Summary. The manuscript introduces GCE-MIL, a backbone-agnostic wrapper for multiple instance learning (MIL) models used in whole-slide image (WSI) classification and survival prediction. It identifies failures in standard attention-based evidence (insufficient, unnecessary, unrecoverable) and proposes to optimize directly for Sufficiency, Necessity, and Recoverability (S/N/R) via three components: grounding to domain concepts, noisy-OR coverage as a differentiable proxy, and threshold-plus-repair for converting continuous to discrete. Across 9 backbones and 9 datasets yielding 81 configurations, it reports average Macro-F1 improvement of 0.024, C-index of 0.014, continuous-discrete gap reduction of 4-7, and complement degradation increase of 2-4, with optional prefiltering for up to 5x faster inference retaining 0.989 utility.

Significance. If the results hold, this could be a significant contribution to computational pathology by providing a way to generate more faithful evidence in MIL without sacrificing classification performance. The explicit S/N/R criteria and the large-scale evaluation across many configurations are positive aspects. The method's potential to improve both accuracy and interpretability makes it relevant for clinical applications where evidence quality matters.

major comments (3)

Abstract: The abstract states that selected patches are insufficient as keeping them alone drops Macro-F1 by 0.078, but does not specify the exact procedure for measuring sufficiency or necessity (e.g., how the subset is chosen, what threshold is used), which is load-bearing for the central claim that S/N/R optimization improves evidence quality.
Abstract: The backbone-agnostic claim and consistent gains across 81 configurations are central, yet the grounding mechanism's reliance on domain-specific concepts is not shown to be free of dataset-specific tuning or selection biases, as noted in the potential for implicit calibration in the repair step.
Abstract: The reduction in continuous-discrete gap by 4-7 and the increase in complement degradation by 2-4 are reported without error bars, confidence intervals, or details on the exact metrics used for the gap and degradation, making it hard to evaluate the statistical robustness of these improvements.

minor comments (2)

Abstract: Typographical errors: 'ag gregate' should be 'aggregate' and 'Recov erability' should be 'Recoverability'.
Abstract: The three injection modes are mentioned but not briefly described, which would help readers understand how they implement the evidence components.

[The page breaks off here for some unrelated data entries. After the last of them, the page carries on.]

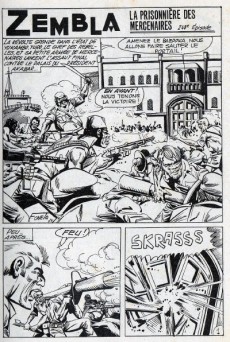 Extrait de Zembla (Lug) -469- La prisonnières des mercenaires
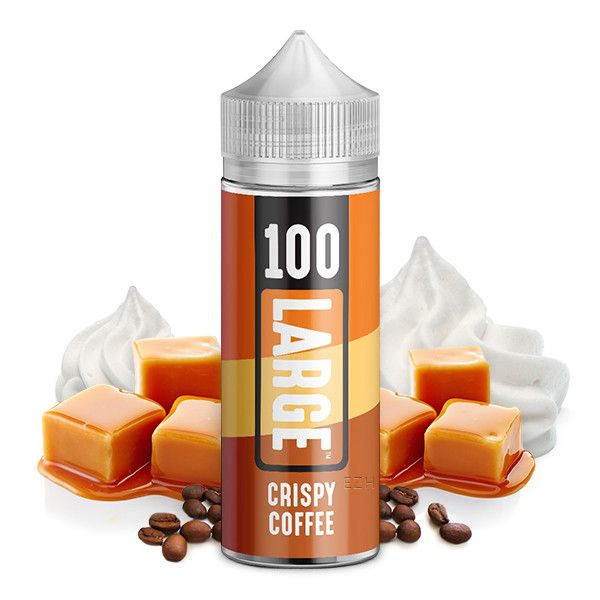 LARGE JUICE Crispy Coffee Aroma - 30ml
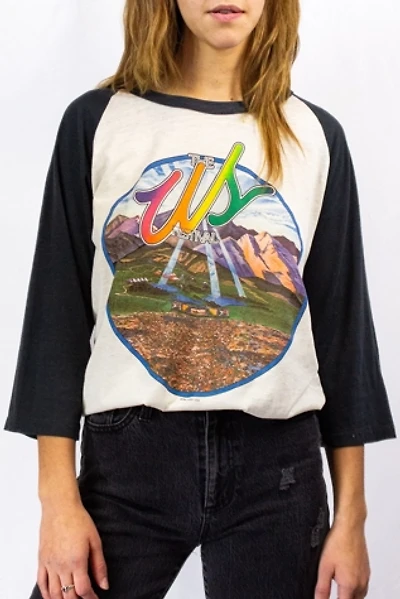 Vintage 1981 US Festival Concert T Shirt Selected by Black Shag Vintage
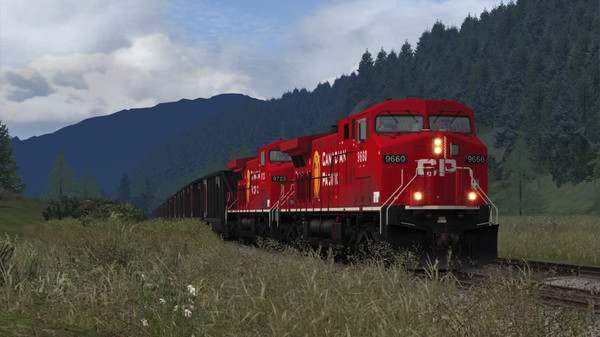 Train Simulator: Canadian Pacific AC4400CW Loco Add-On for steam Train Simulator: Canadian Pacific AC4400CW Loco Add-On for steam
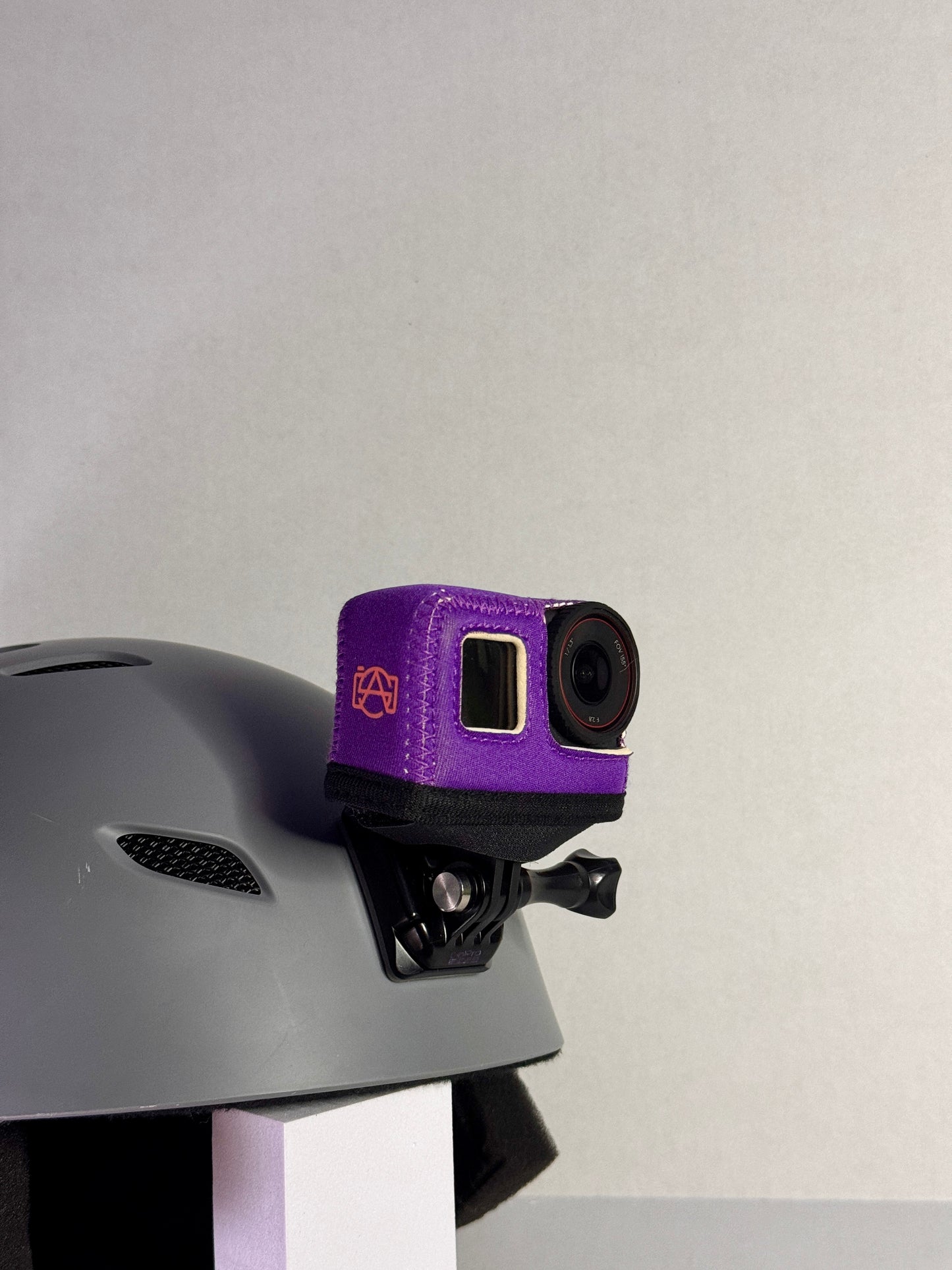 Action Camera Cover (Purple)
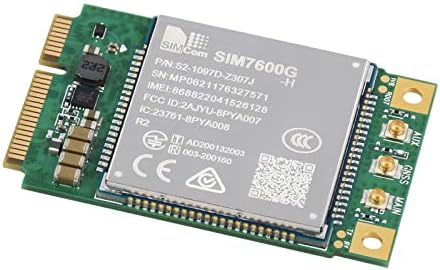 Waveshare SIM7600G-H-PCIe SIMCOM Original 4G LTE CAT-4 MODULE Global Cooking sa GNSS potporom Mini-PCIe konektorom LTE-TDD LTE-FDD HSPA + GSM GPRS ivica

Simulated Author's Rebuttal

3 responses · 0 unresolved

We thank the referee for the constructive comments and the positive assessment of GCE-MIL's potential significance. We address each major comment point by point below with clarifications and proposed revisions.

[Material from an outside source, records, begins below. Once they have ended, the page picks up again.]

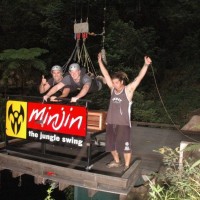 Minjin Jungle Swing - AJ Hackett Cairns 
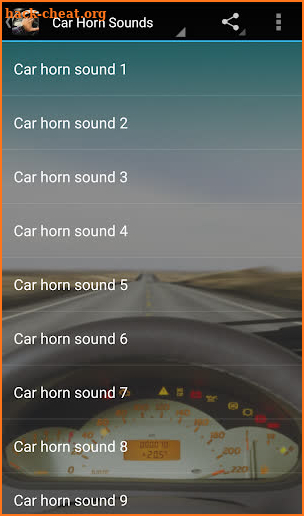 Car Horn Prank Sounds screenshot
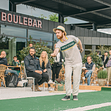 Ivar Liljegrens offensiva taktik eliminerade världsmästare och belönades med ett EM-silver i boule pétanque.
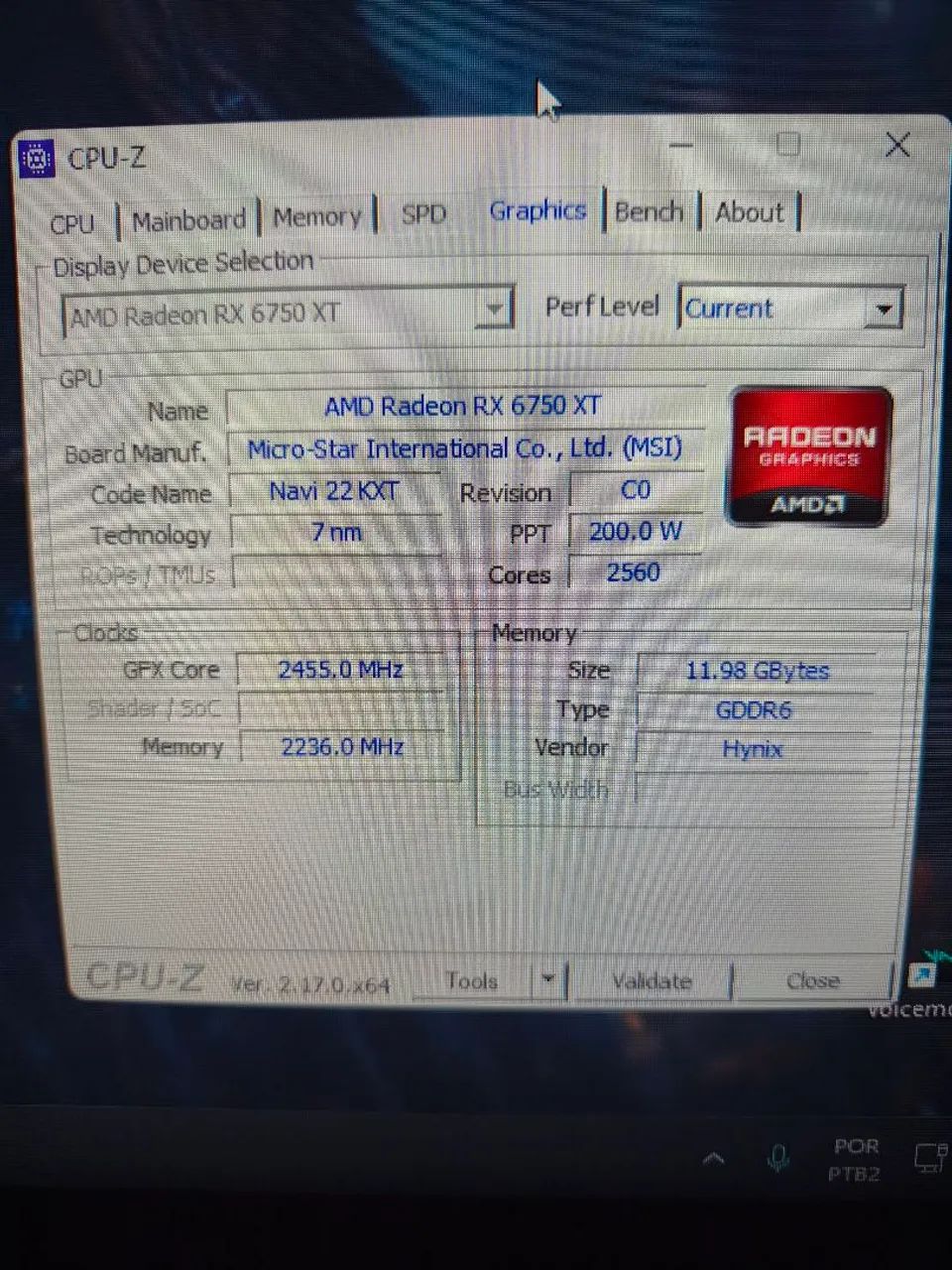 Rx 6750xt MSI - Foto 2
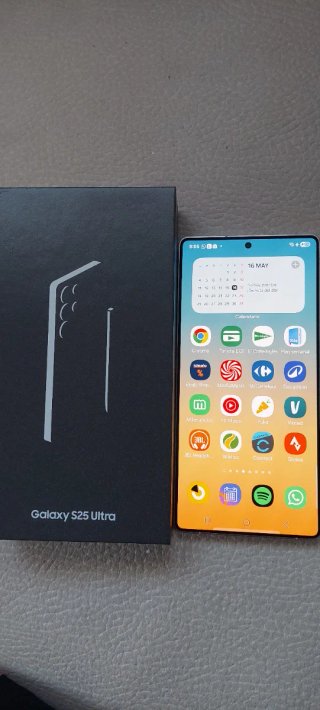 Samsung S25 Ultra Gris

read point-by-point responses

Referee: Abstract: The abstract states that selected patches are insufficient as keeping them alone drops Macro-F1 by 0.078, but does not specify the exact procedure for measuring sufficiency or necessity (e.g., how the subset is chosen, what threshold is used), which is load-bearing for the central claim that S/N/R optimization improves evidence quality.

Authors: We agree that the abstract would benefit from greater precision on the measurement procedures. Sufficiency is measured by evaluating model performance (Macro-F1 or C-index) when the input bag is restricted to only the recovered discrete patch subset; necessity is measured by the performance change when the selected subset is removed from the full bag. The subset is obtained via the threshold-plus-repair procedure described in Section 3.3. We will revise the abstract to include a concise description of these procedures while referring readers to the Methods for full implementation details. revision: yes
Referee: Abstract: The backbone-agnostic claim and consistent gains across 81 configurations are central, yet the grounding mechanism's reliance on domain-specific concepts is not shown to be free of dataset-specific tuning or selection biases, as noted in the potential for implicit calibration in the repair step.

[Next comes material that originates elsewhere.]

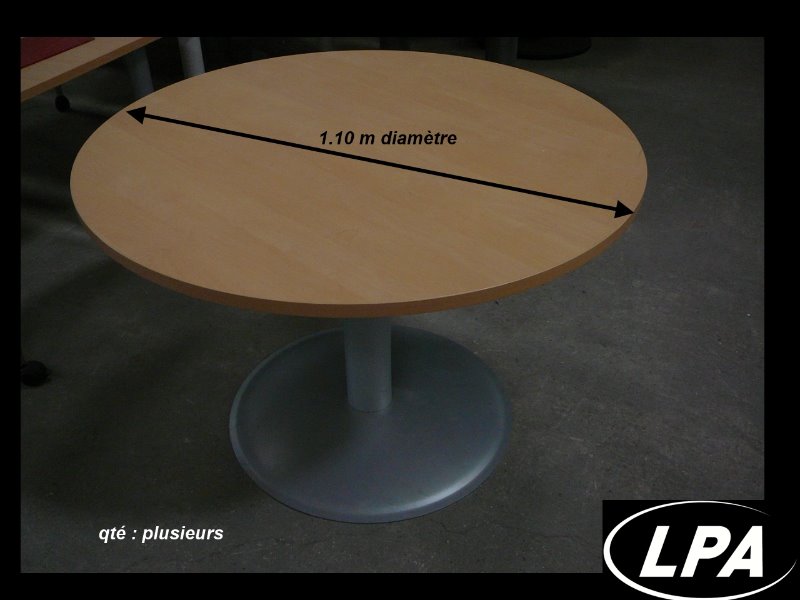 Table Table Ronde Diametre 110 1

Authors: The grounding component maps patches to a fixed vocabulary of general pathology concepts (e.g., tumor epithelium, stroma, necrosis) that are applied uniformly across all nine datasets without per-dataset selection or hyperparameter tuning. The repair step is a deterministic, marginal-guided procedure that operates on the continuous scores and does not perform dataset-specific calibration. We will add a clarifying paragraph and supporting ablation in the revision demonstrating that the reported gains persist when grounding concepts are held constant, thereby reinforcing the backbone- and dataset-agnostic character of the wrapper. revision: yes
Referee: Abstract: The reduction in continuous-discrete gap by 4-7 and the increase in complement degradation by 2-4 are reported without error bars, confidence intervals, or details on the exact metrics used for the gap and degradation, making it hard to evaluate the statistical robustness of these improvements.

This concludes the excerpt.